Description of the task - Give back, exactly as written, the lines from the first line of the data below through the line with "SPBU 34.16109 di Jalan Warung Jambu.", and omit the pictures.

[Input for this task Boundary: Start]

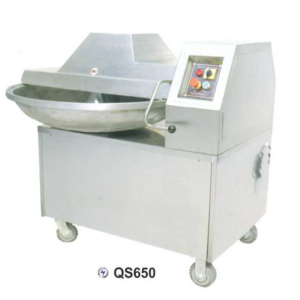 Mesin Pemotong Daging (Bowl Cutter) Kapasitas 1.000 Kg : QS650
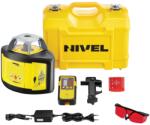 Nivel System Nivela laser rotativa Nivel System NL500 Digital cu fascicul rosu (NivelSystem-NL500R) - utilajedesantier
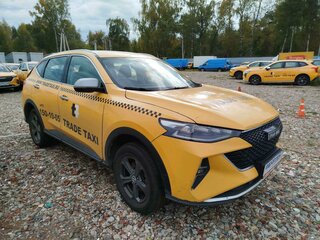 2024 Haval F7 I Рестайлинг, белый, 861180 рублей, вид 1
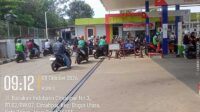 SPBU 34.16109 di Jalan Warung Jambu.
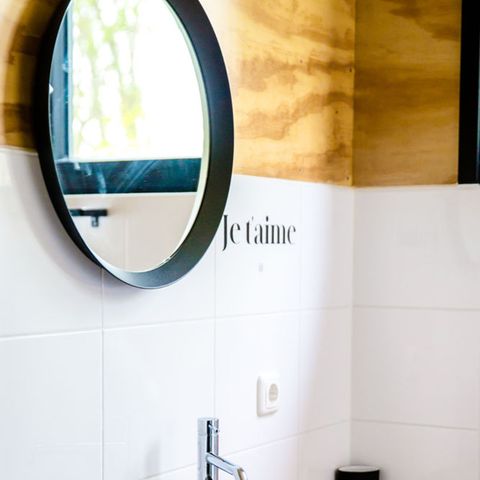 Lodge 6 personen - Waterlodge Tomke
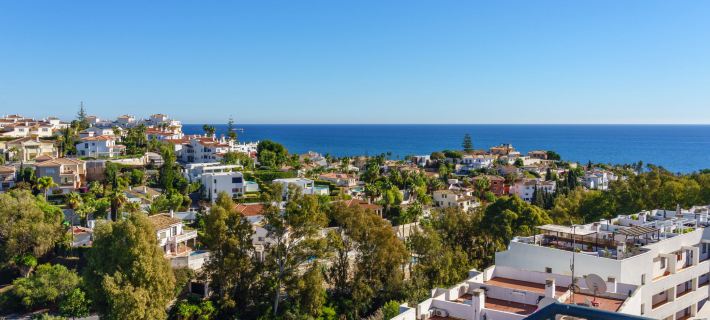 Angel Blanco Hotels in Mijas
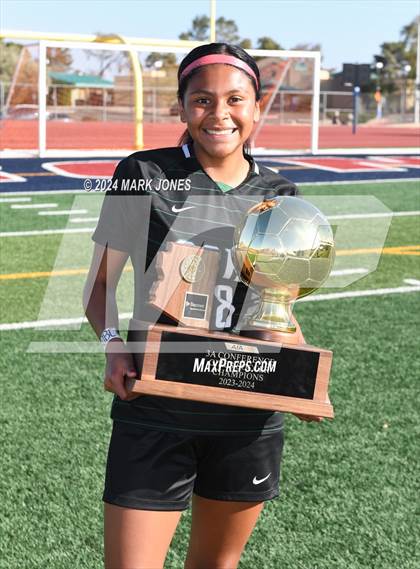 Thumbnail 1 in Gilbert Christian vs. Safford (AIA 3A Final - Awards) photogallery.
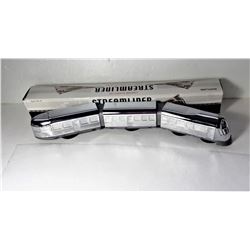 4)  CHROME PLATED 3 CAR WINDUP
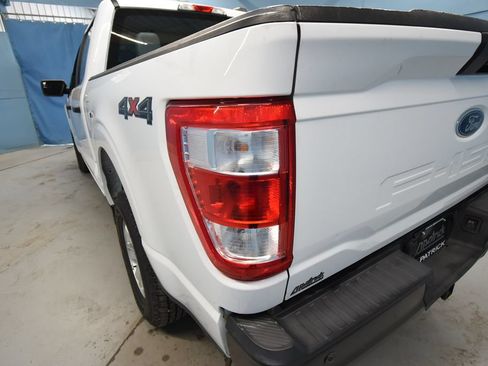 Used 2021 Ford F150 XL w/ Equipment Group 101A High AWD/4WD image 44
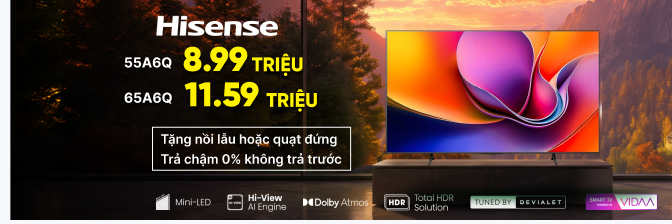 banner slide tivi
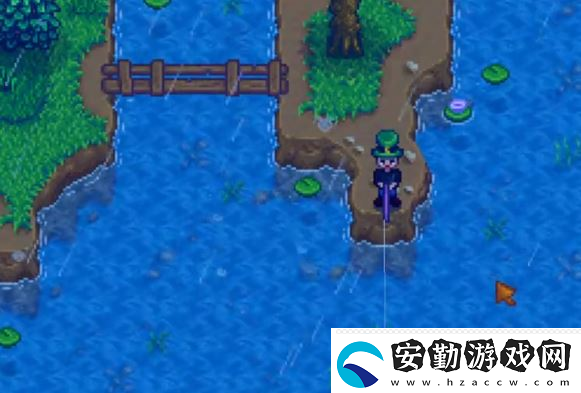 星露谷物語(yǔ)傳說(shuō)魚(yú)捕捉攻略分享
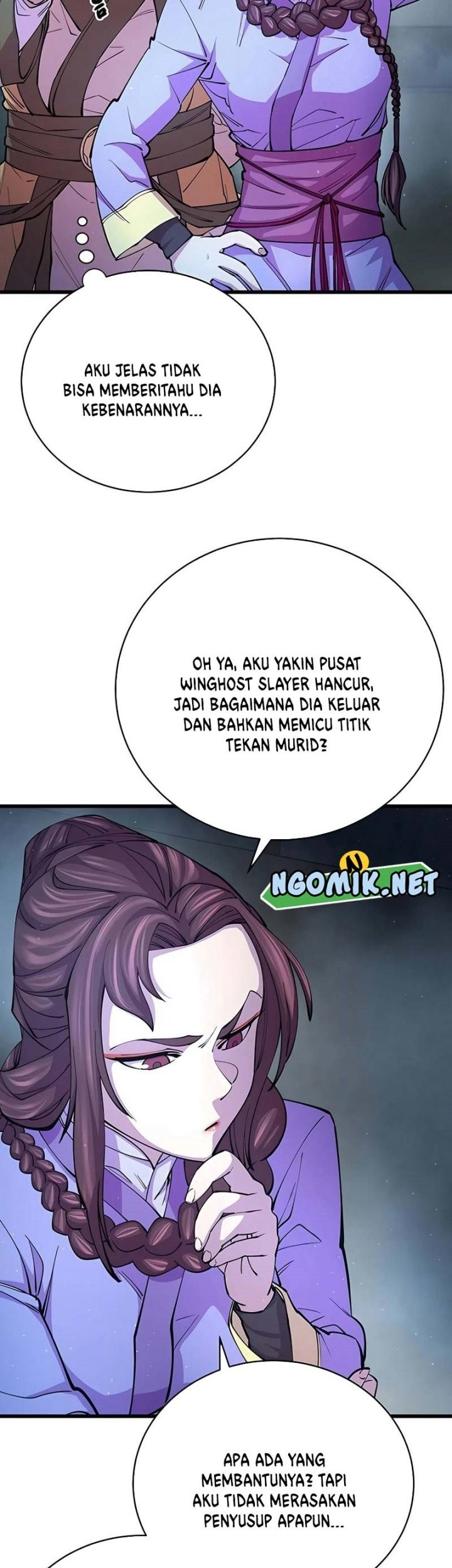 World’s Greatest Senior Disciple Chapter 11 Gambar 34
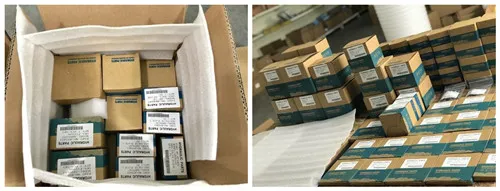 Replacement Rexroth Hydraulic Pump Parts for ED72 Valve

[Input for this task Boundary: End]

Your response -
 Mesin Pemotong Daging (Bowl Cutter) Kapasitas 1.000 Kg : QS650
 Nivel System Nivela laser rotativa Nivel System NL500 Digital cu fascicul rosu (NivelSystem-NL500R) - utilajedesantier
 2024 Haval F7 I Рестайлинг, белый, 861180 рублей, вид 1
 SPBU 34.16109 di Jalan Warung Jambu.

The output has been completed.